(Crawled caption data)
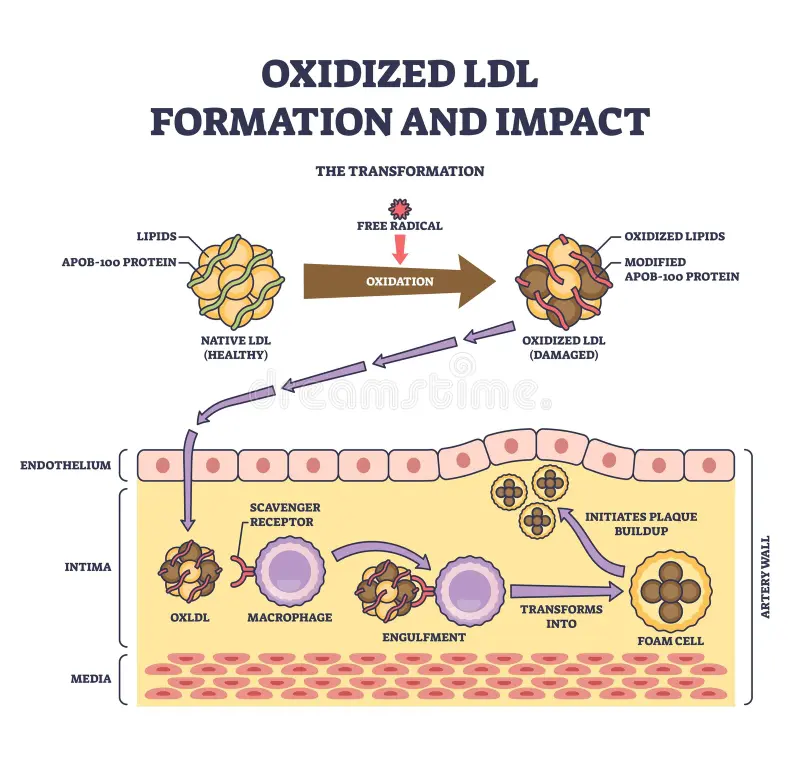 tanda-kolestrol-tinggi-xanthelasma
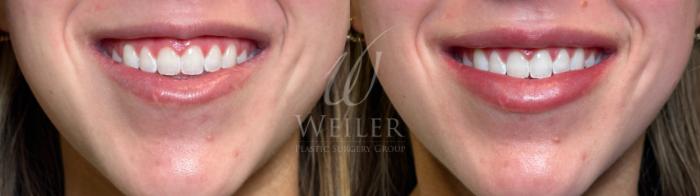Before & After Lip Augmentation Case 1146 Front View in Baton Rouge, Louisiana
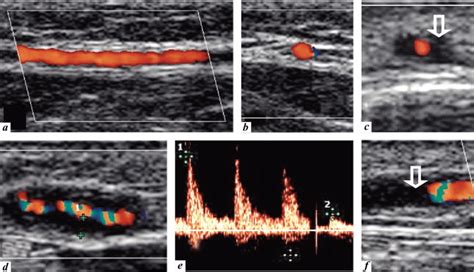 Duplex Ultrasound Of The Temporal Arteries A Longitudinal View Of A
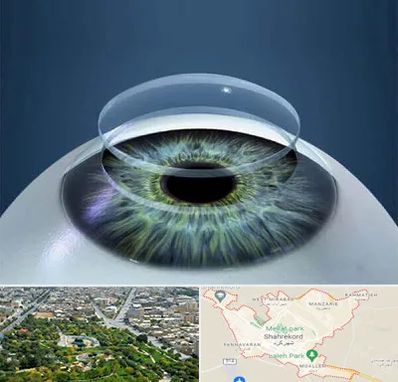 پیوند قرنیه در شهرکرد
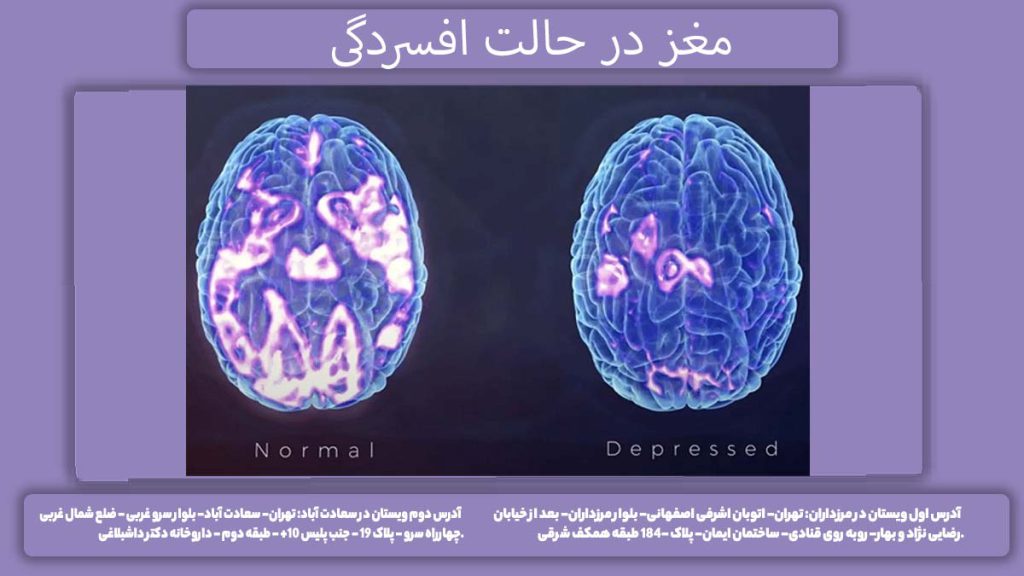عکس مغز افسرده مغز در حالت افسردگی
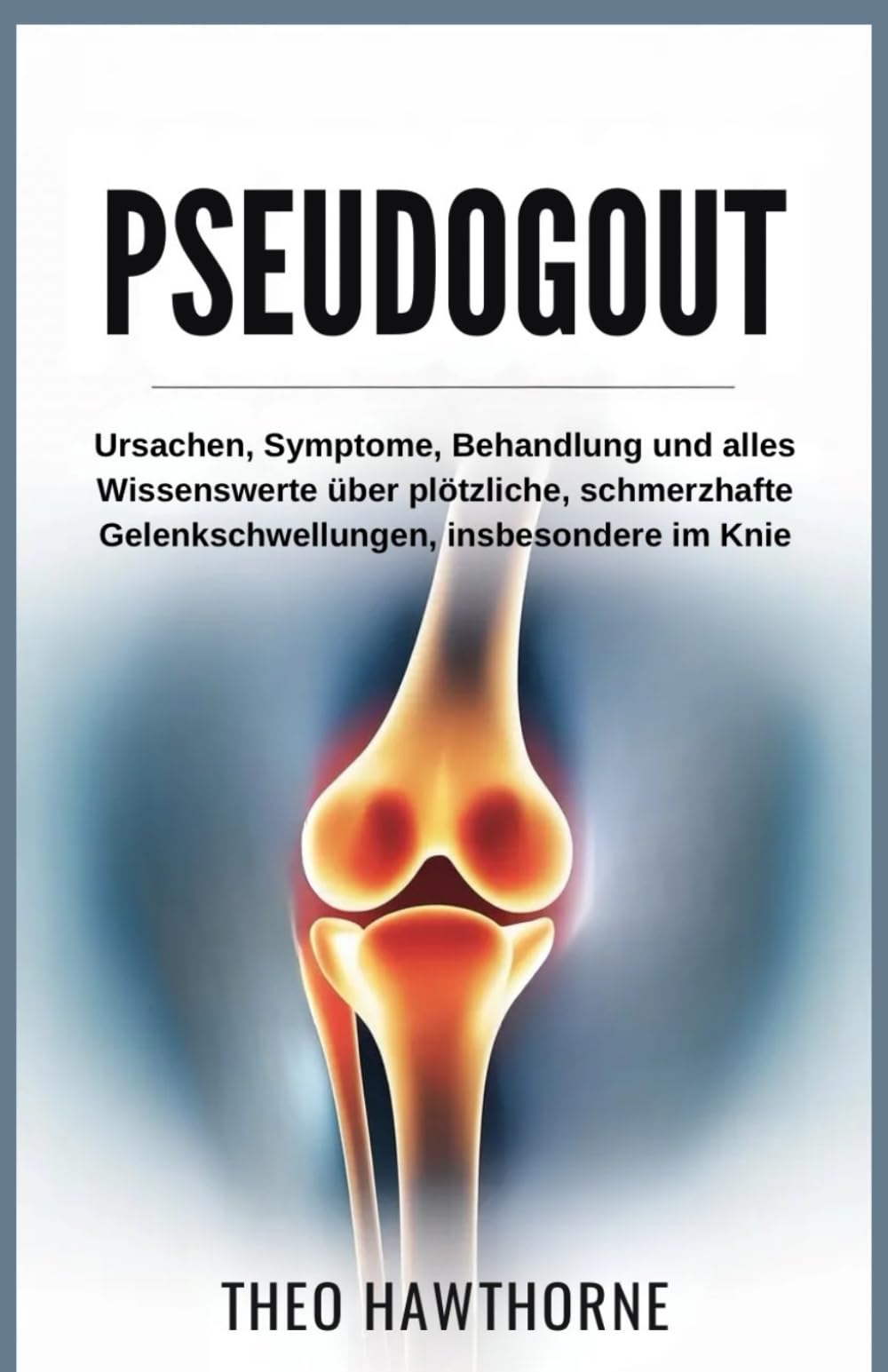 Pseudogout: Ursachen, Symptome, Behandlung und alles Wissenswerte über plötzliche, schmerzhafte Gelenkschwellungen, insbesondere im Knie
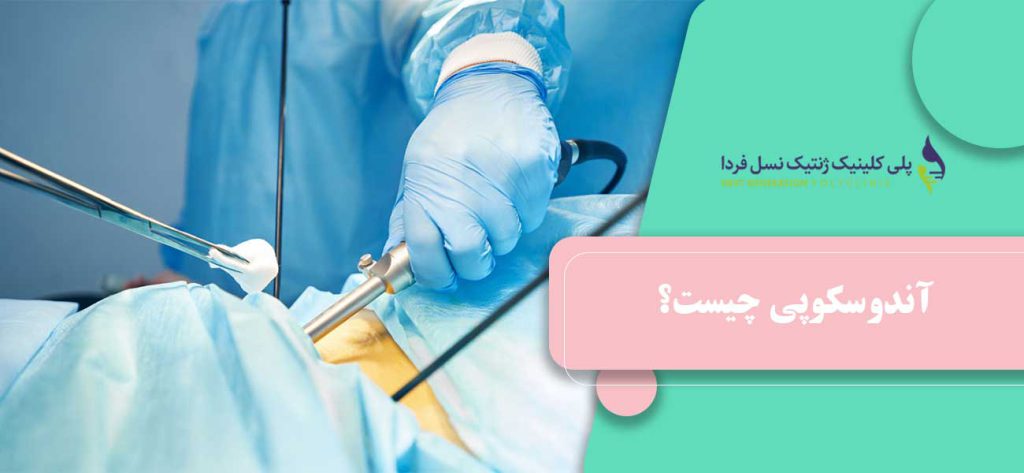 آندوسکوپی چیست؟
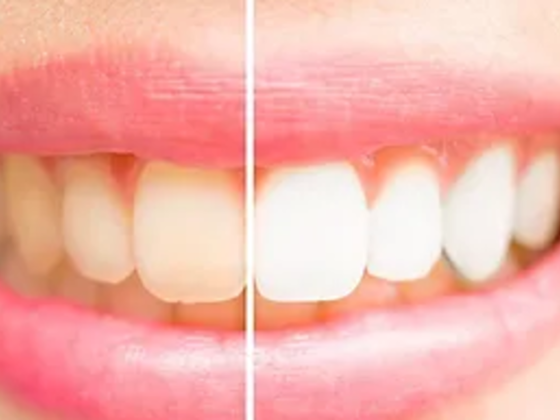 Hey Dental Clinic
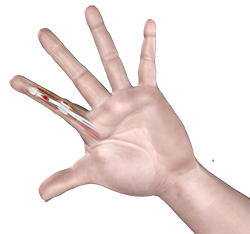 Flexor Tendon Injuries Flexor Tendon Injuries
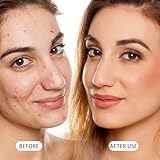 Acne Treatment,12% Acid Spot Cream for Spot Prone Skin,Anti Acne,Rosacea Cream for Face,Dark Spo-t Remover,Pimple Crea-m,Face Moisturiser for Blemish Control,Blackhead Remover,Even Skin Tone (1PCS) - Image 5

■ **TASK DIRECTIONS**: Leave the pictures out, then output exactly the lines from the "Hey Dental Clinic" line through the end of the records above, and no others.

■ **ANSWER SECTION**:
 Hey Dental Clinic
 Flexor Tendon Injuries Flexor Tendon Injuries
 Acne Treatment,12% Acid Spot Cream for Spot Prone Skin,Anti Acne,Rosacea Cream for Face,Dark Spo-t Remover,Pimple Crea-m,Face Moisturiser for Blemish Control,Blackhead Remover,Even Skin Tone (1PCS) - Image 5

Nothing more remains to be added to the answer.